KNOXVILLE, Tenn. — Knox County began Monday boosting testing for COVID-19 to 90 potential cases a day, with results available in three to four days, Knox County Health Department Director Dr. Martha Buchanan said Monday.
The county previously did 15-20 tests a day. It wants to boost testing to get a more thorough reading on who has been exposed to the highly contagious virus.
Private labs -- at the same time -- are processing their own tests and those results are coming in independently and being sent to state health authorities.
People should check with their primary care provider if they think they may have the virus. The Health Department has more information through its phone line, 865-215-5555.
Also Monday, Knoxville Mayor Indya Kincannon announced she was extending her safer-at-home order by a week, through April 20. The extension was not unexpected; authorities are waiting to see if Gov. Bill Lee also extends his statewide stay-at-home order.
Kincannon typically has been extending her order a week at a time.
Buchanan cautioned Monday that the population is nowhere near "flattening the curve" of case spread. That is ongoing, she said.
"We’re at the beginning," she said. "We're still on the up-slope of the curve."
To flatten the curve, health authorities have to see a consistent reduction in the number of new cases, she said.
On Monday morning, KCHD reported there were now 166 positive cases of the virus, up from 159 on Sunday. While the number of cases may appear relatively small from day to day, they're still on the rise.
Buchanan said the county's positive rate of cases is what they're most interested in right now.
By tracking that, she said, the Health Department can isolate those who are sick and check with anyone who came in contact with the person, a process known as "contact tracing."
The county also has begun releasing statistics on the rate of positive tests by ethnicity in Knox County. The numbers, however, are still so slow that it's not "scientifically appropriate" to draw conclusions yet about what they show, she said.
Health experts say because of poverty rates that blacks have underlying health problems such as diabetes that make them more susceptible to the effects of COVID-19.
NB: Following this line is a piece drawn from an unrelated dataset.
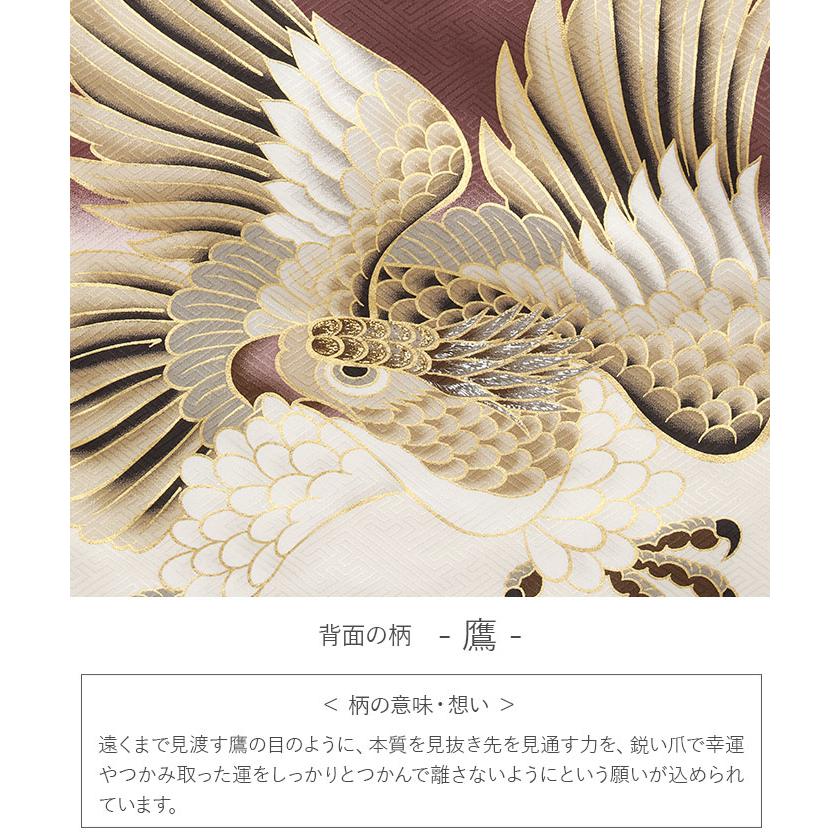 Kisste お宮参り 着物 男の子 産着 茶 ベージュ 白 鷹 宝船 小槌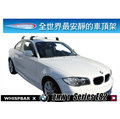 ∥MyRack∥ BMW 1 Series E82 Coupe WHISPBAR 車頂架 行李架 橫桿∥都樂 THULE YAKIMA INNO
The Health Department also now is making available a map that shows by ZIP code where cases are showing up in the county.
The map generally shows more cases appearing in the northern and western parts of the county. The ZIP code 37919 appears to have the most so far -- 18. The zone stretches west from the University of Tennessee campus toward West Town Mall and includes the Rocky Hill area.
The 37923 ZIP code area also has 16 cases. It includes the Cedar Bluff and Peters Road areas.